As eleições, que devem ocorrer no meio do ano, dominaram a agenda interna da Turquia durante grande parte do ano passado. Pela primeira vez em anos, a oposição – pelo menos por enquanto – parece unida em busca de um candidato que poderia derrotar Erdogan.
No ano passado, o presidente sofreu um grande revés nas pesquisas, com a diminuição de seu índice de aprovação. Projetado e implementado pelo próprio Erdogan, o sistema presidencial requer uma maioria de 50% mais 1 nas eleições – uma proposta difícil para o líder à medida que a economia desacelera.
Na frente internacional, o aliado-chave da Otan continua equilibrando sua aliança desconfortável com os EUA e a Europa.
O apoio contínuo dos EUA a um grupo armado curdo na Síria – que a Turquia considera como uma ameaça nacional –e um relacionamento pessoal frio entre Erdogan e o presidente dos EUA Joe Biden reforçam a relação tensa.
A volta de Israel para a direita
Israel tem um novo governo e, embora ele seja liderado por um rosto familiar, Benjamin Netanyahu, inclui algumas das figuras mais à extrema direita a ocupar posições ministeriais na história israelense.
Vale destacar especialmente Itamar Ben Gvir, ministro da segurança nacional encarregado da polícia israelense, e Bezalel Smotrich, ministro das finanças que terá voz nas políticas que afetam o movimento de palestinos na Cisjordânia ocupada. Os dois são advogados de direita, defensores de assentados, que se tornaram políticos e já foram considerados na margem mais extrema da política israelense.
Os dois ministros alarmaram a comunidade internacional, incluindo os Estados Unidos, que estão preocupados que suas ações possam deteriorar ainda mais a segurança no país. Ben Gvir e seus aliados falaram abertamente sobre a mudança do status quo no local mais sagrado de Jerusalém – conhecido como Monte do Templo para os judeus e Haram al-Sharif para os muçulmanos – onde apenas os muçulmanos têm permissão para orar. Mas as ações no complexo no passado desencadearam uma revolta e até uma guerra.
Depois, há a Cisjordânia, onde Smotrich terá uma grande força na determinação de políticas. A cooperação de segurança entre as forças militares israelenses e as forças de segurança palestinas, que há muito é vista pelos líderes israelenses como uma chave para manter a calma da Cisjordânia, foi extremamente tensa no ano passado – um dos anos mais sangrentos tanto para israelenses como para palestinos.

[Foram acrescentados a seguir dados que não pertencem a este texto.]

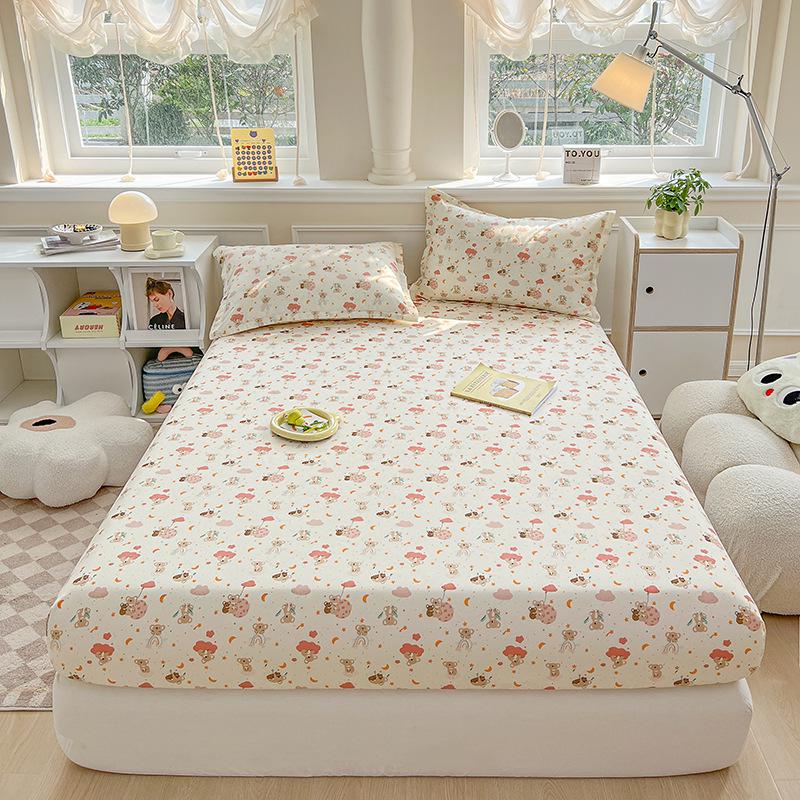 

Premium Aloe Cotton Fitted Sheet & Waterproof Pillowcase Set - Skin-Friendly & Comfortable 48x74cm/single pillowcase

Netanyahu sempre dirigiu seus governos como um show só seu, muitas vezes assumindo outros papéis, como o de ministro das relações exteriores. Em entrevistas recentes, Netanyahu afirmou várias vezes que ele e seu partido Likud ditarão a política. Mas aliados como os líderes da comunidade judaica nos EUA estão preocupados que Netanyahu possa ter construído algo que ele não será capaz de controlar totalmente. Uma das maiores questões é como o governo Biden trabalhará com o governo israelense – e se irá interagir com os dois ministros controversos. Até agora, os EUA estão adotando uma abordagem de compasso de espera. O secretário de Estado Antony Blinken disse em dezembro que os EUA irão julgar o governo israelense “pelas políticas e não pelas personalidades individuais”.

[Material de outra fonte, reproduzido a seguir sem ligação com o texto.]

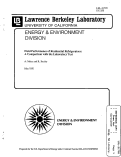 Cover page: Field Performance of Residential Refrigerators: A Comparison with the Laboratory Test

As disputas não resolvidas com a Grécia a respeito das fronteiras marítimas no Mediterrâneo, bem como uma guerra de palavras sobre um destacamento militar grego nas pequenas ilhas do Egeu perto da Turquia, continuam aumentando as tensões com a Europa.
A relação com o continente pode ou não melhorar para além da cooperação, mantendo migrantes e refugiados confinados à Turquia, mas isso vai depender de encontrar interesses em comum.
Quando se trata da Ucrânia, a posição turca, independentemente de quem ganhe as eleições, permanecerá em grande parte inalterada. A política de “neutralidade pró-ucraniana”, como é chamada localmente, se pagou com um acordo global de grãos de muito impacto e impediu a economia turca de se enfraquecer ainda mais.